ABSTRACT

Joker (2019) is a timely reminder that we are all precariously close to the edge of madness under the horrors of twenty-first-century atomisation and neoliberalism. This chapter, examining neoliberal horror through make-up and the prevalence of television, explores the three iconic screen Jokers – Tim Burton’s Batman (1989), Christopher Nolan’s The Dark Knight (2008), and Todd Phillips’ Joker – as social documents that explosively critique the systemic socio-political rot under the yoke of neoliberalism. Using make-up as an ever-present canvas to examine the Joker’s shifting subjectivity and disfunction, each Joker’s ‘happy face’ make-up registers the progression of socio-cultural malaise and its resultant madness under economic and authoritarian neoliberal practices.
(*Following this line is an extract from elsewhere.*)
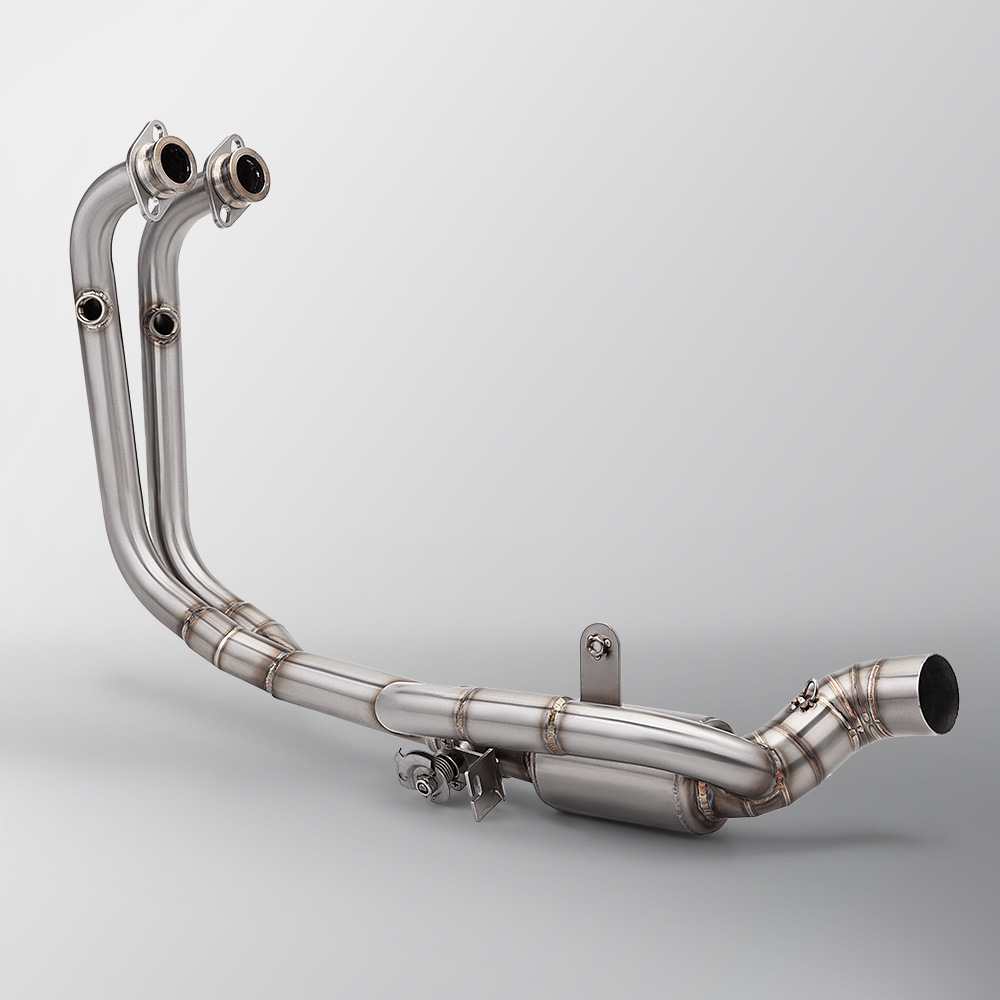 Non-destructive installation of motorcycle locomotive exhaust pipe Excelle 321RR 321R stainless steel front and end muffler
Unlike his antecedents, who use television as a means to reach the public to cajole, deceive, or frighten them as desired, Phoenix’s Joker registers our social abandonment to unrealised dreams in an age of overwhelming ‘legitimised’ deceits routed through the presence of television. Through Joker’s reinterpretation and extension of the Joker origins myths, Phoenix’s clown prince is traumatically reborn – aesthetically, physically, and subjectively – as near-broken under the weight of our current horrors, dancing on the edge of psychosis. In the end, Arthur reclaims himself from these delusions to which we cling through Joker’s s/laughter, and that is most threatening of all.